Looking ahead, it’s highly likely that the party doing the collecting in many in- stances will not be the ordering consumer. Others (such as the next generation of UberEATS or fleets of autonomous vehicles) will collect packages on customers’ behalf. This has big implications not only for retailers but also for CPG players as they work with retailers on replacing lost in-store impulse purchases with merchandising to consumers at handover or collection points.

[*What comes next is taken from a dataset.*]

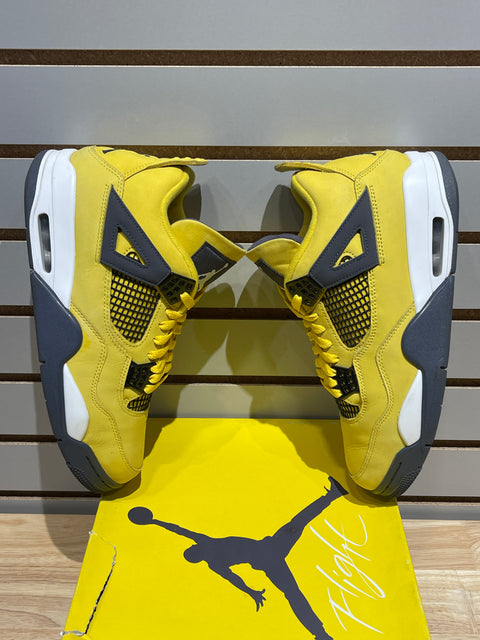 Jordan 4 Retro Lightning (2021) Sz 9.5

CPG manufacturers have many opportunities to partner with retailers to improve the economics and effectiveness of this new hybrid digitally influenced model as it evolves. They can also help experiment with meeting other challenges, such as managing the economics of “dark stores” (those serving only click-and-collect customers), off-peak picking, and separate pickup locations. Traditional retailers need help to get it right, because click and collect will become not only a core feature of their digital commerce offerings and business models but also a key to competitive survival as Amazon and other digitally influenced models proliferate.
New Pure-Play Digital Retailers
Even with Amazon’s significant scale advantages, there appears to be sufficient space for new digital startups and approaches. For example, Boxed.com and Jet.com are two digital pure plays that have turned consumers’ and competitors’ heads. These new entrants tend to fall into three categories: price based, convenience based, and category focused.

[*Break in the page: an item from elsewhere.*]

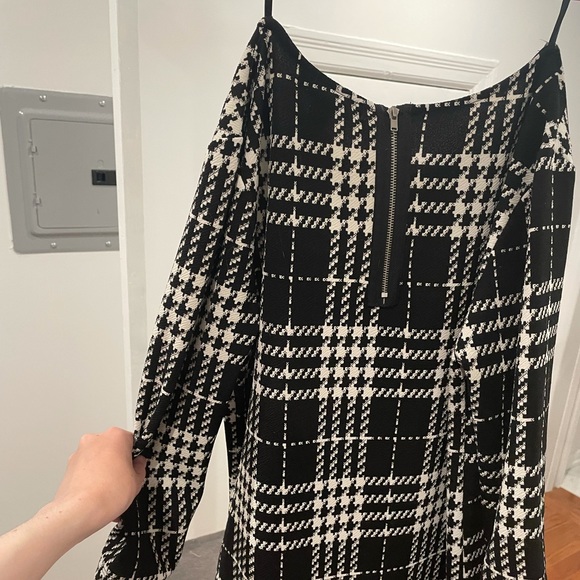 Cute black and white plaid shift dress - Picture 6 of 7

Price Based. Many industry observers were surprised when Jet.com surfaced, offering a conventional product selection and low prices. How could a new entrant compete with Amazon’s selection and still be competitive enough on price to persuade consumers to switch? Yet Jet.com’s “smart basket” technology, which connects the shopping experience with fulfillment—as well as not charging membership fees—was soon generating 350,000 new customers a month. Using sophisticated pricing technology that provides further discounts based on order sizes, and reducing prices by pulling out supply chain costs, gave customers strong incentives to add more items to their shopping carts.

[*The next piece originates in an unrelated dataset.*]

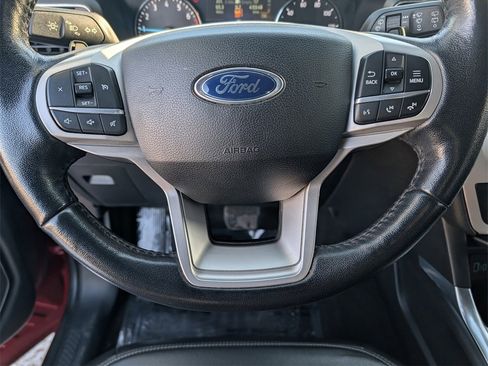 Used 2020 Ford Explorer XLT w/ Equipment Group 202A image 25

It’s an instructive lesson in the disruptive power of e-commerce: to hold a small startup at bay, the biggest e-commerce players have to sacrifice significant absolute-dollar margins across substantial product volume in core products such as paper towels, soap, toothpaste, and pasta. While an extra 5% on paper towels or pasta may mean little to Jet.com, meeting Jet.com’s pricing on every item costs Amazon significantly, given the volume of these products that it sells to a broad base of households. Walmart, the biggest retailer of any kind, was put in a similar position, which is perhaps one reason why it acquired one-year-old Jet.com—for $3.3 billion.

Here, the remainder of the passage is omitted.